WORK TASK: Find the line that contains "Tyrrells Black Garlic & Sour Cream 135g". Output it and every line after it to the end of the records, exactly as they appear.

Recorded data
****************
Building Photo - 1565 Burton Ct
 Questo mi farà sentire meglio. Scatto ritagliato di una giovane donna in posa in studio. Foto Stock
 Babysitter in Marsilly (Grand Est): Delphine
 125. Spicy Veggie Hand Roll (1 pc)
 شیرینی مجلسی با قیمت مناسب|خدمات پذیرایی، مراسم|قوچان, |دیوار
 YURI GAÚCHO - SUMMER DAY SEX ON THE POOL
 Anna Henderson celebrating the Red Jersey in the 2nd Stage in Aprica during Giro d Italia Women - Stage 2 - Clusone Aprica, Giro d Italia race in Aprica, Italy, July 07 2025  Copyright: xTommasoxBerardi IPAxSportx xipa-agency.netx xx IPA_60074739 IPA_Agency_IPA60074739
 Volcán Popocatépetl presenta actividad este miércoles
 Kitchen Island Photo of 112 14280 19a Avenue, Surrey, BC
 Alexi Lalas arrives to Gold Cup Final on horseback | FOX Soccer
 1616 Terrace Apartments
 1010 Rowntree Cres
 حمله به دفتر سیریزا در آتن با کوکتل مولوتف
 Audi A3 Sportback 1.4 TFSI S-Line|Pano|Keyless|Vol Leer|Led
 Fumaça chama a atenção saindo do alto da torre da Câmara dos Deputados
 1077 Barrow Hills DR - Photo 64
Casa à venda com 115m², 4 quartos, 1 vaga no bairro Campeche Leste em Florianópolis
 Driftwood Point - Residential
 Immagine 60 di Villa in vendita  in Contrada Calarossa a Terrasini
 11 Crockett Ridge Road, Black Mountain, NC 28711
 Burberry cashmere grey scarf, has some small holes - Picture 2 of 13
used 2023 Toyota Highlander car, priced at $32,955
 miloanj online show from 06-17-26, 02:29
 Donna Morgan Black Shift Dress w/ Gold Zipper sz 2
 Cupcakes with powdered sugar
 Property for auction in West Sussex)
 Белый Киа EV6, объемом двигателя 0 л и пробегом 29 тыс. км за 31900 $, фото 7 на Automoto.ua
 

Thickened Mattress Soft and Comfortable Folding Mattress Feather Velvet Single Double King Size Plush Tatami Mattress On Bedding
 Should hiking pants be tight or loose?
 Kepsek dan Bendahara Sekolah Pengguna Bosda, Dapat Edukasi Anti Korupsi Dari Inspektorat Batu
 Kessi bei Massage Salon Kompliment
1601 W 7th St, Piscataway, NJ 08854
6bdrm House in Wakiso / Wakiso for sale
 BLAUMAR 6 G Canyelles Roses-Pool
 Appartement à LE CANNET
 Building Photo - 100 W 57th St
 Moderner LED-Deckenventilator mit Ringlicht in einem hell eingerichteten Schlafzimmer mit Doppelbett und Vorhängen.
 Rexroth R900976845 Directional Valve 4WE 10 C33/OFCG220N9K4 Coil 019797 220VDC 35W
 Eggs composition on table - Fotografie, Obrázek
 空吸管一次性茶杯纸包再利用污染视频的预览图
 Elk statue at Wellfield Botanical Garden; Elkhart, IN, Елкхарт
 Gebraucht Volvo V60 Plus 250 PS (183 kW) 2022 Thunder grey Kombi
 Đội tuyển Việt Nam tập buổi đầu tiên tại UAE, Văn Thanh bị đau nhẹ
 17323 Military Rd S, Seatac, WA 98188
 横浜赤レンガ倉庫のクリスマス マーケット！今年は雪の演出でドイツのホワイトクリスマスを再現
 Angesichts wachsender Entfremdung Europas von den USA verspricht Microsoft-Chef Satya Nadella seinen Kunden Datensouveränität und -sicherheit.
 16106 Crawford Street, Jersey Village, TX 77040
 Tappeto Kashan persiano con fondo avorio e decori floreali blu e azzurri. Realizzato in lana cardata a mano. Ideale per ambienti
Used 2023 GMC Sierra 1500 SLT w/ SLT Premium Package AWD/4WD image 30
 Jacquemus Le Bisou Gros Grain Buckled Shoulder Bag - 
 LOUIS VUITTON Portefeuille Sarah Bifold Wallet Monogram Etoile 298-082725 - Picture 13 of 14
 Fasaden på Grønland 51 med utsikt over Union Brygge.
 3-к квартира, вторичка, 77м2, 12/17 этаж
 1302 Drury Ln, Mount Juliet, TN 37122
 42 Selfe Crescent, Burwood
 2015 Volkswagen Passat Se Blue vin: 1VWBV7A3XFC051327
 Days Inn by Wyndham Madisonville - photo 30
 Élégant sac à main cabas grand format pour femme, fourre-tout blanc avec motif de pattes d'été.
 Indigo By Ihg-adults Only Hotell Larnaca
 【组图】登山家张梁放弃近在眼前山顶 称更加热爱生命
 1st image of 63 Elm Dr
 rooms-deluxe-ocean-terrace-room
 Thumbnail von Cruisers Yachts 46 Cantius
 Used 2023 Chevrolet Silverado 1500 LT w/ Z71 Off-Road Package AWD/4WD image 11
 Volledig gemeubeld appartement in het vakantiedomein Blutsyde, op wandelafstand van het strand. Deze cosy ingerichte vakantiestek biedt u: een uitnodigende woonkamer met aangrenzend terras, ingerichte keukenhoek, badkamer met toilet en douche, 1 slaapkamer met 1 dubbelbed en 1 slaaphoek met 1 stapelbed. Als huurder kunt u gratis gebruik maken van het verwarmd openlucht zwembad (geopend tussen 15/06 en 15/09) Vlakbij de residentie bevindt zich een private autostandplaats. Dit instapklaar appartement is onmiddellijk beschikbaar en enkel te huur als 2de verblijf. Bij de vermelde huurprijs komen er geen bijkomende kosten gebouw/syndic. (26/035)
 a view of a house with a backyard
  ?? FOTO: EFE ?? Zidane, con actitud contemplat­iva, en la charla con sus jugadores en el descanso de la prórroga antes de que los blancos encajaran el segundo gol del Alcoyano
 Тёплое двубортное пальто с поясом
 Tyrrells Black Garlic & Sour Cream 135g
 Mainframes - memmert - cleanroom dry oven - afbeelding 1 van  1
****************
RESPONSE TO THE EXERCISE:
 Tyrrells Black Garlic & Sour Cream 135g
 Mainframes - memmert - cleanroom dry oven - afbeelding 1 van  1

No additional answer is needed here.